Weiter nach Koksijde, wo der litauische Künstler Zilvinas Kempinas 300 Aluminiumstäbe so in die höchste Düne an Belgiens Küste implantiert hat, dass sie mit den natürlichen Gräsern und Sträuchern ein gekonntes Zusammenspiel im Wechsel zwischen Bewegung und Licht bieten. In der Abtei Ten Duinen, ebenfalls in Koksijde, hat der spanische Bildhauer Jaume Plensa die überdimensionierte menschliche Gestalt „Yorkshire Soul I“ gesetzt, die er aus Schriftzeichen verschiedener Sprachen umrisshaft gebildet hat. Sie soll den Betrachter zu inneren Einkehr und zum Dialog mit sich selbst animieren.
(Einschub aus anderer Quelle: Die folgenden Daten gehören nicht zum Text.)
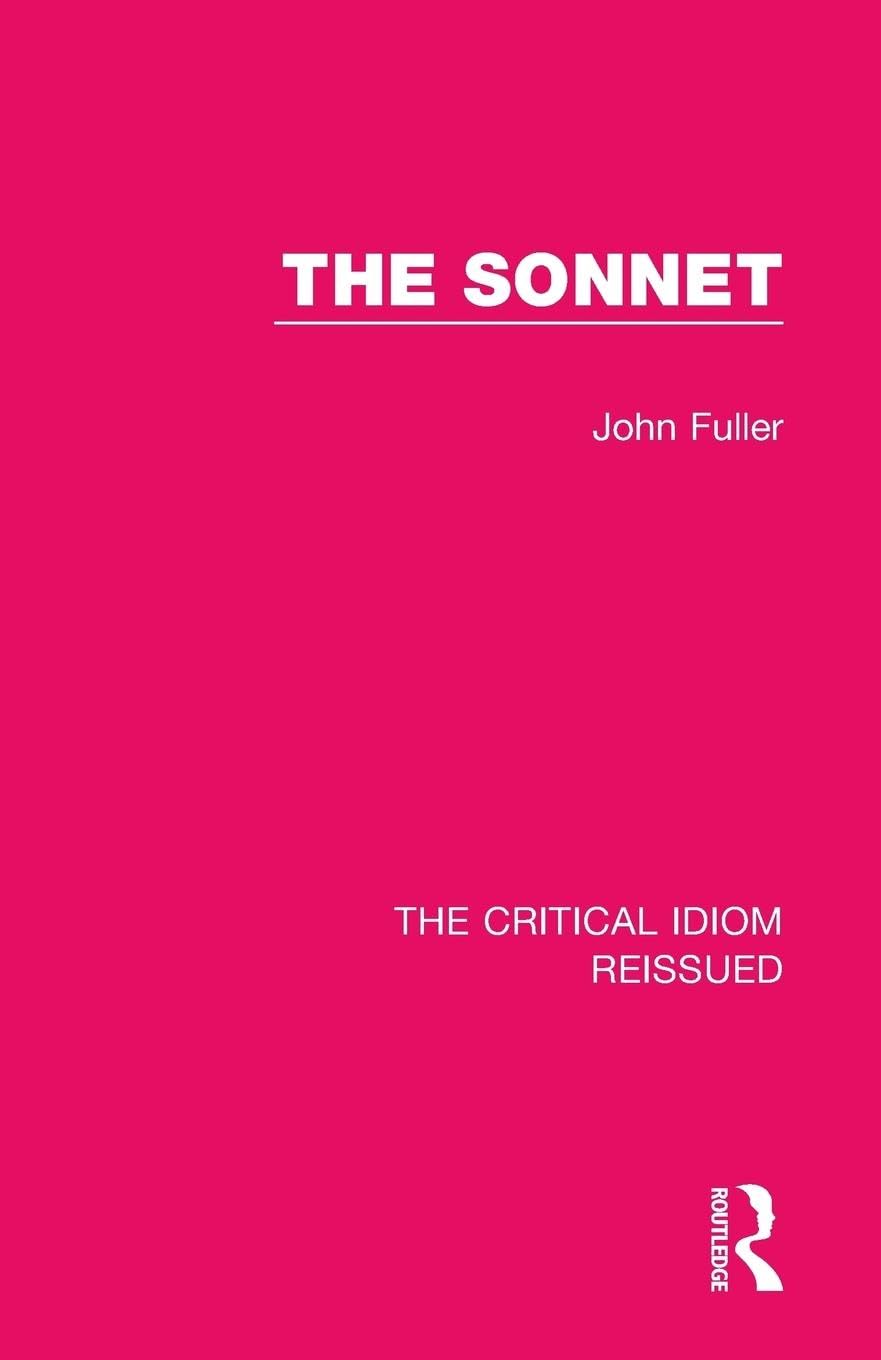 The Sonnet (Critical Idiom Reissued, Band 25)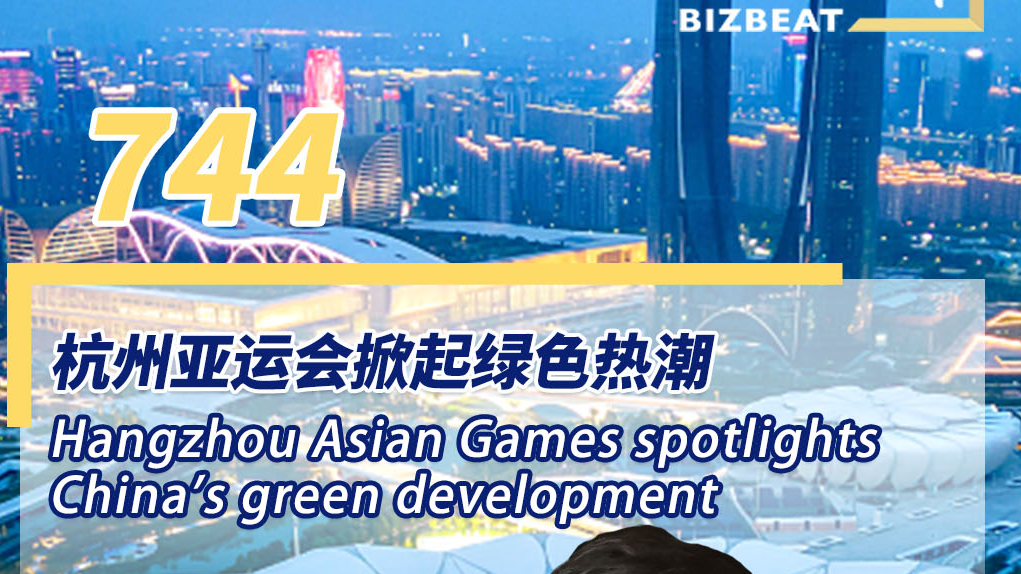 BizBeat 744: Hangzhou Asian Games spotlights China's green development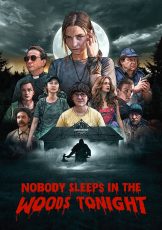 Nobody Sleeps in the Woods Tonight 2 (2021)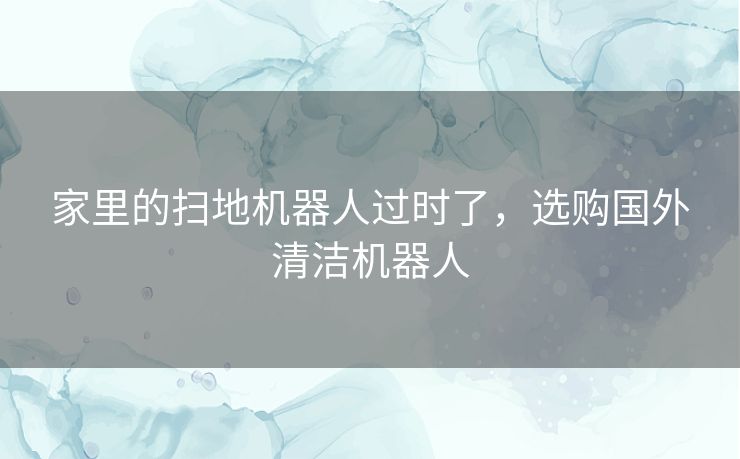 家里的扫地机器人过时了，选购国外清洁机器人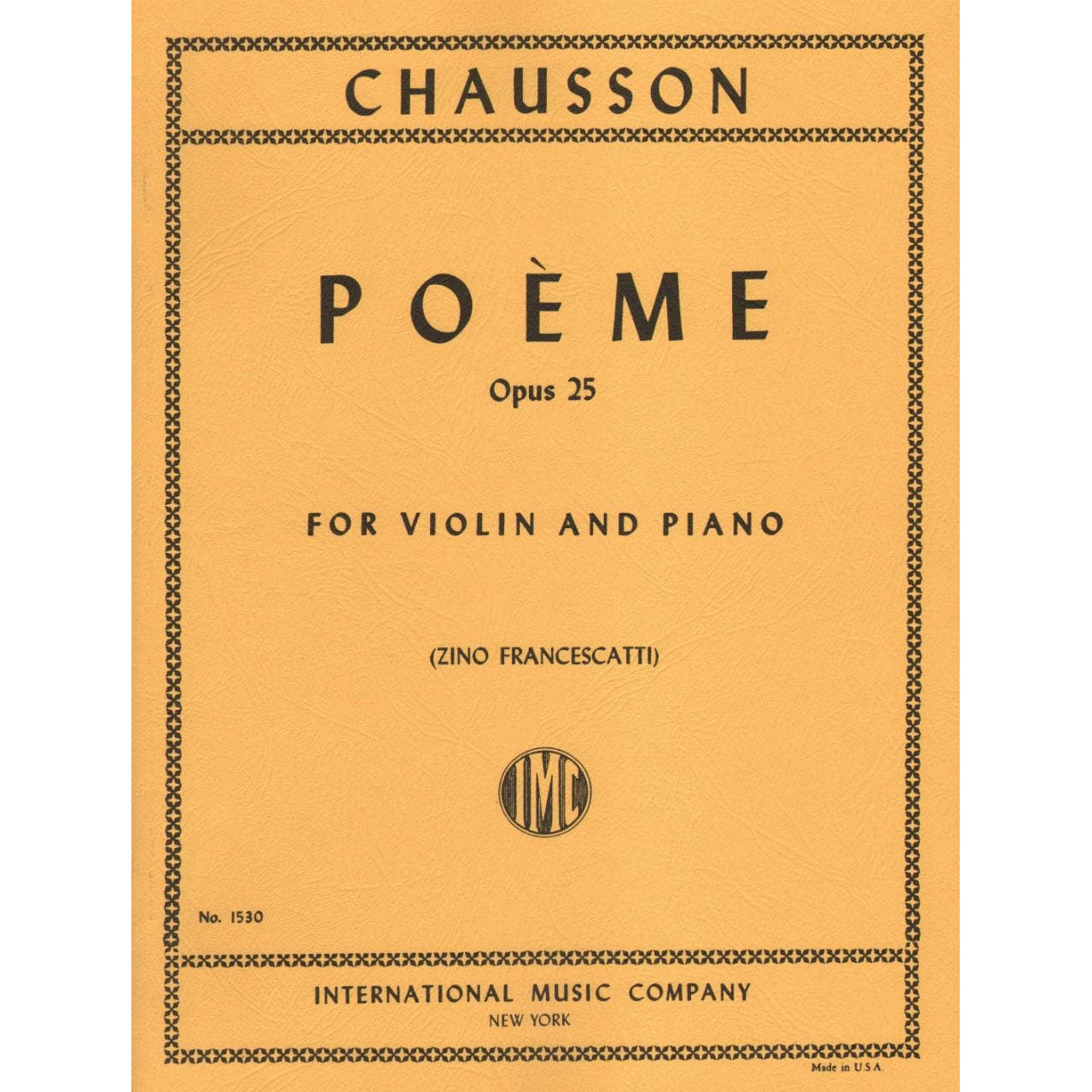 Chausson, Ernest - Poeme Op 25 for Violin and Piano - Arranged by Francescatti - International Edition
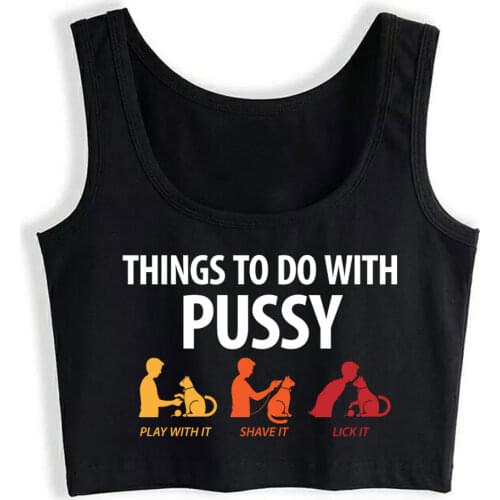 Crop Top Sport Things To Do With Pussy 1 Dd Fashion Black Print Tops Women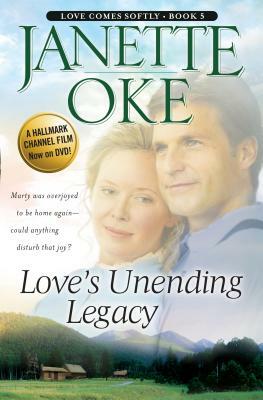 Love's Unending Legacy by Janette Oke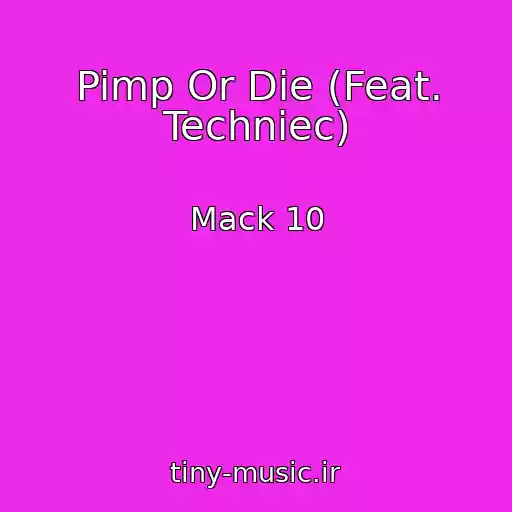 کاور آهنگ Pimp Or Die (Feat. Techniec) از Mack 10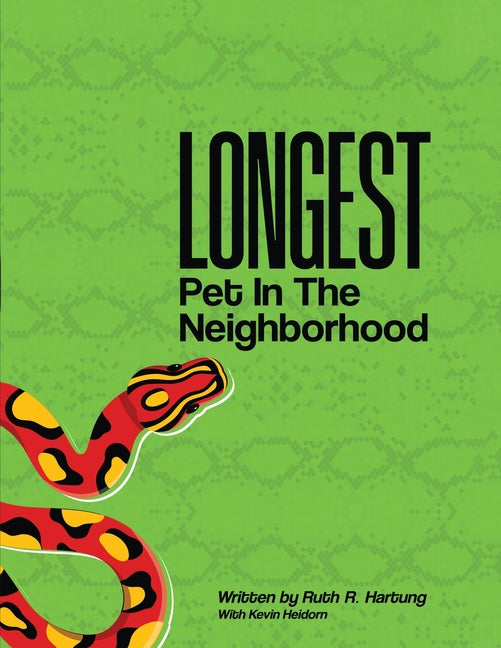 Longest Pet in the Neighborhood - Paperback by Books by splitShops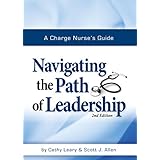 a charge nurses guide navigating the path of leadership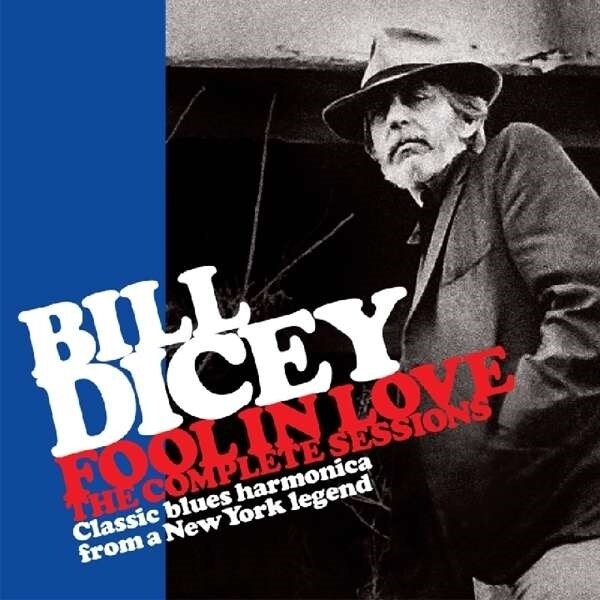Dicey Bill: Foolin Love (CD)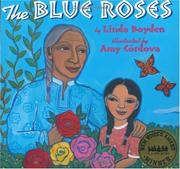 Front cover of The blue roses by Linda Boyden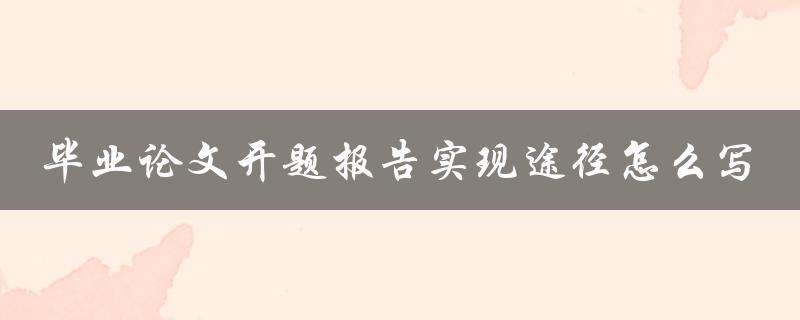 毕业论文开题报告实现途径怎么写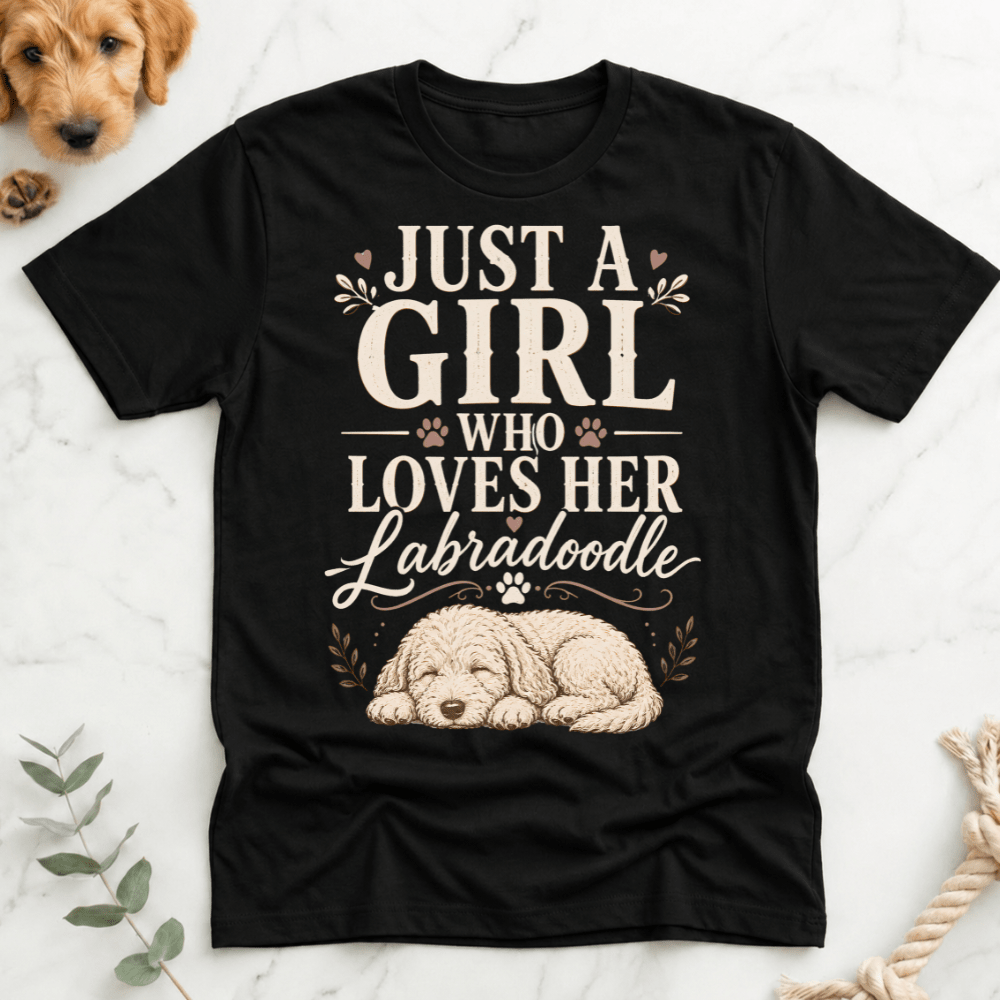 Just a Girl Who Loves Her LabraDoodle T-Shirt - Doodle Brothers Co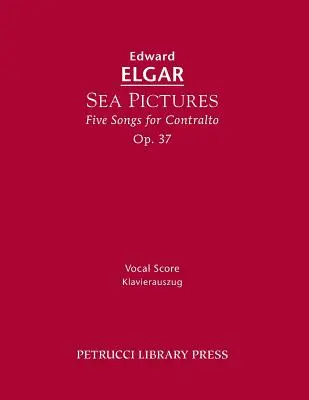 Sea Pictures, Op.37: Partitura Vocal - Sea Pictures, Op.37: Vocal score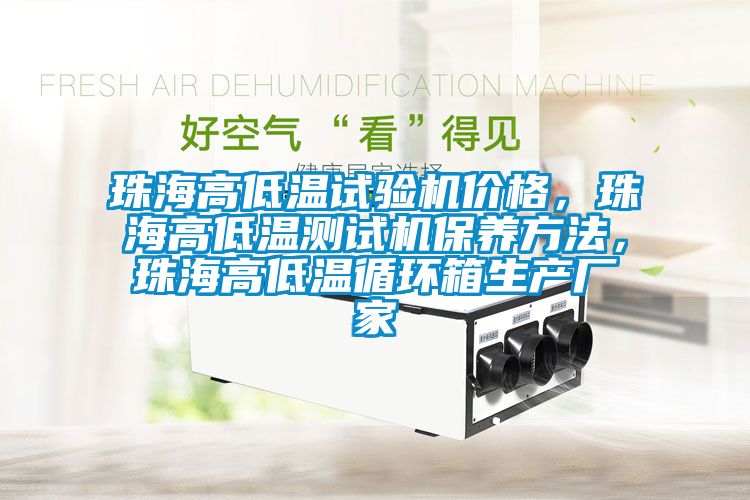 珠海高低溫試驗機價格，珠海高低溫測試機保養方法，珠海高低溫循環箱生產廠家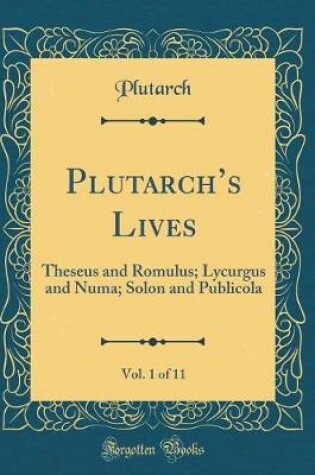 Cover of Plutarch's Lives, Vol. 1 of 11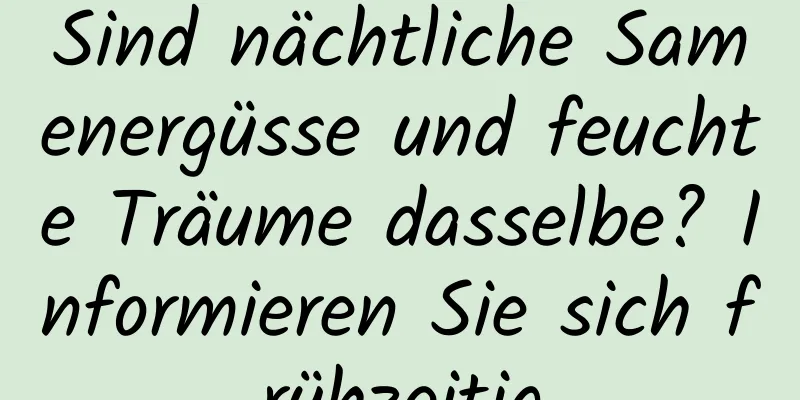 Sind nächtliche Samenergüsse und feuchte Träume dasselbe? Informieren Sie sich frühzeitig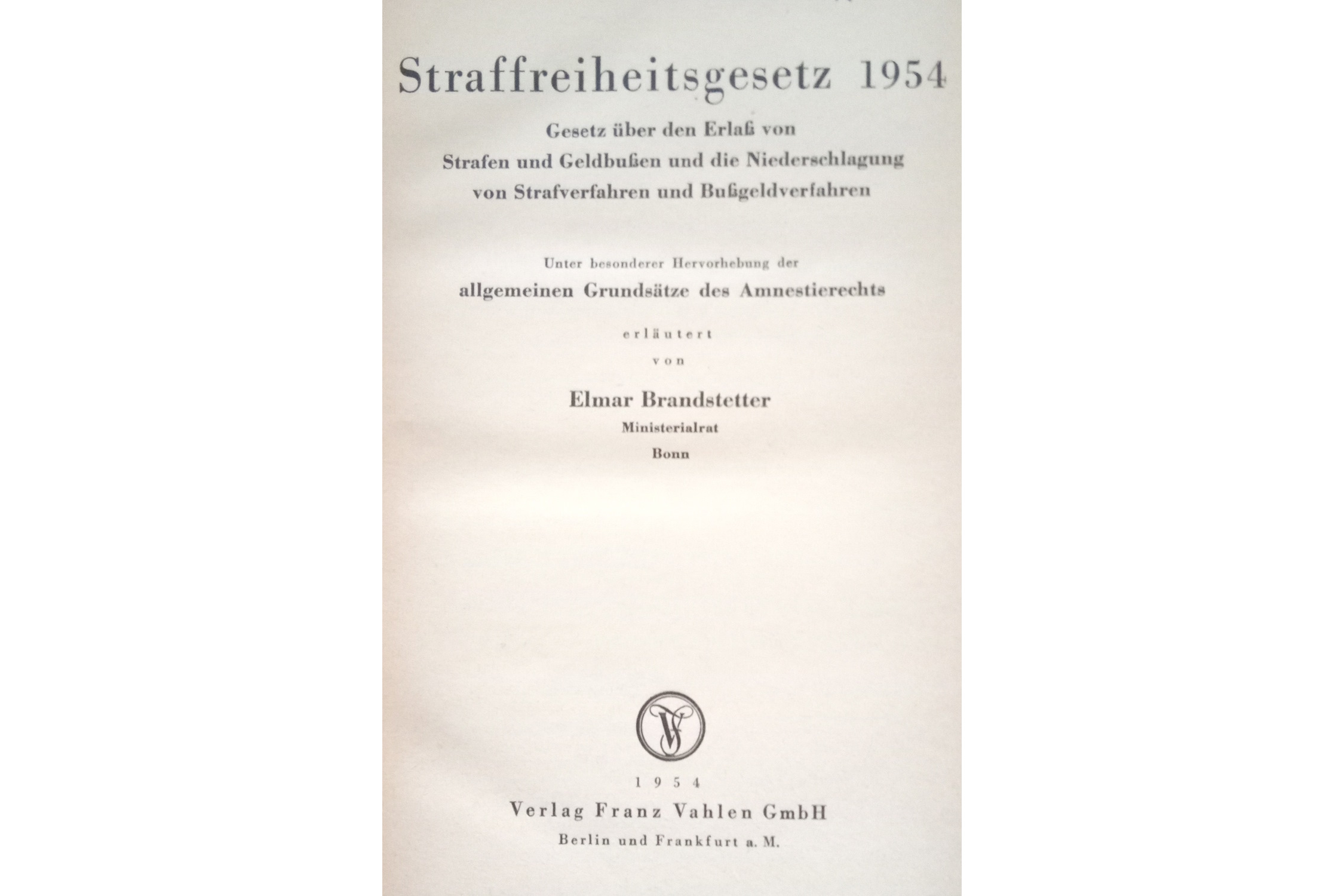 Titelblatt Brandstetter: Straffreiheitsgesetz. Foto: Archiv des Autors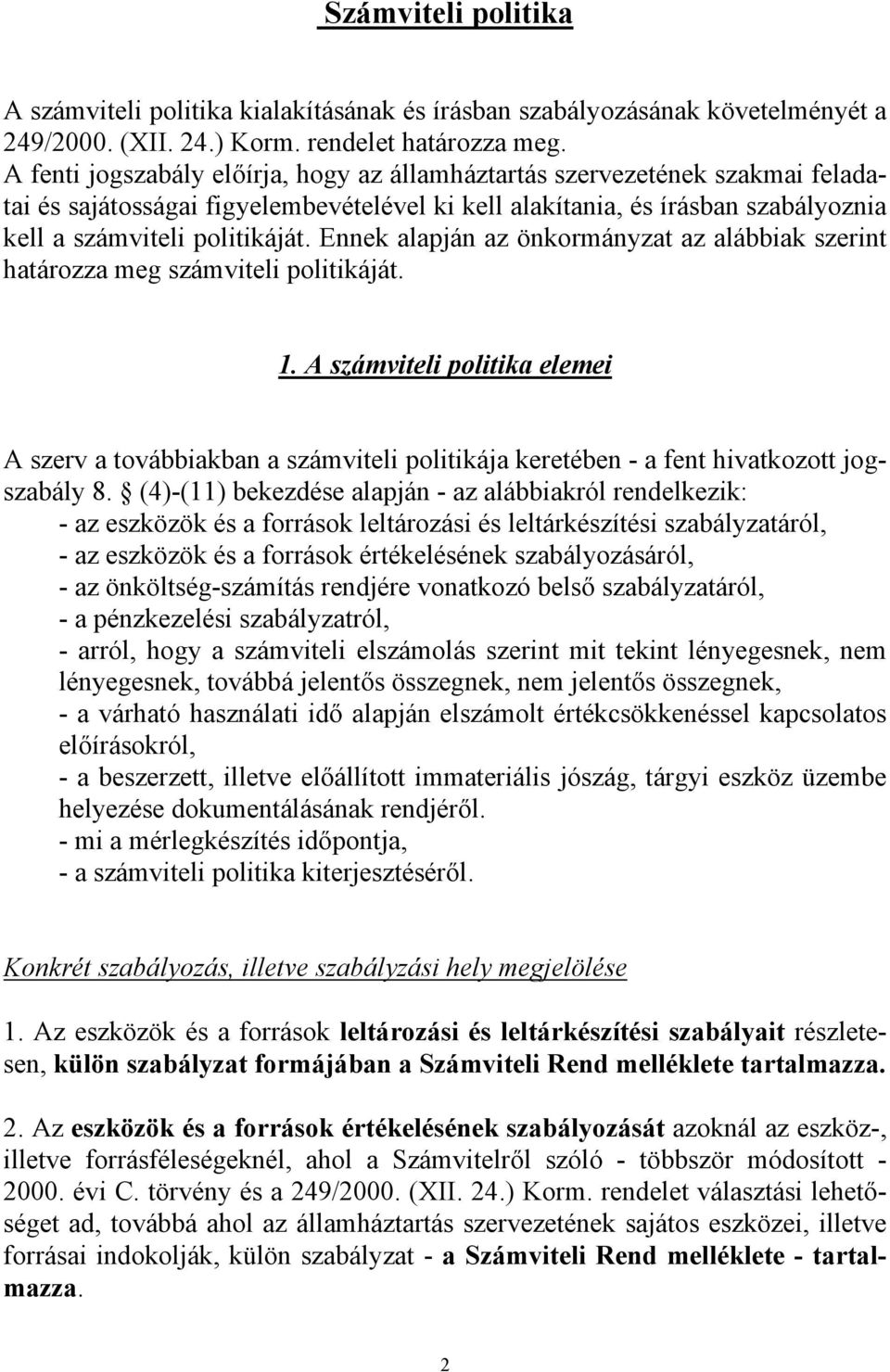 Ennek alapján az önkormányzat az alábbiak szerint határozza meg számviteli politikáját. 1.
Belgiens Kunstwege entlang der Küste sind zu einem Anziehungspunkt für das Publikum im sommerlichen Europa geworden. Der Imageschub scheint zu funktionieren. Die Auswahl der Künstler und der Kunstwerke setzt auf Vielfalt. Trotz des kleineren Budgets wurden die Arbeiten heuer präziser für ihren jeweiligen Standort entwickelt. Immer wieder verbleiben Kunstwerke vor Ort, weil sich die öffentliche Hand für einen Ankauf entschließt oder Sponsoren der Künstler das Werk vor Ort halten. Jan Fabres Schildkröte ist dafür ein Beispiel, ebenso wie Daniel Burens Installation „Der Wind weht, wo er will“. Ungefähr 200 Künstler bewerben sich zu jeder Triennale, 30 werden dann eingeladen. Jannis Kounellis, Erwin Wurm, Jeppe Hein, Gregory und Cyril Chapuisat oder Michael Johansson, um noch einige zu nennen, garantieren die Qualität für das Sommerevent, das im Namen zwei bezeichnende Adjektive vereint: „beau“ für „schön“ und „fort“ für stark.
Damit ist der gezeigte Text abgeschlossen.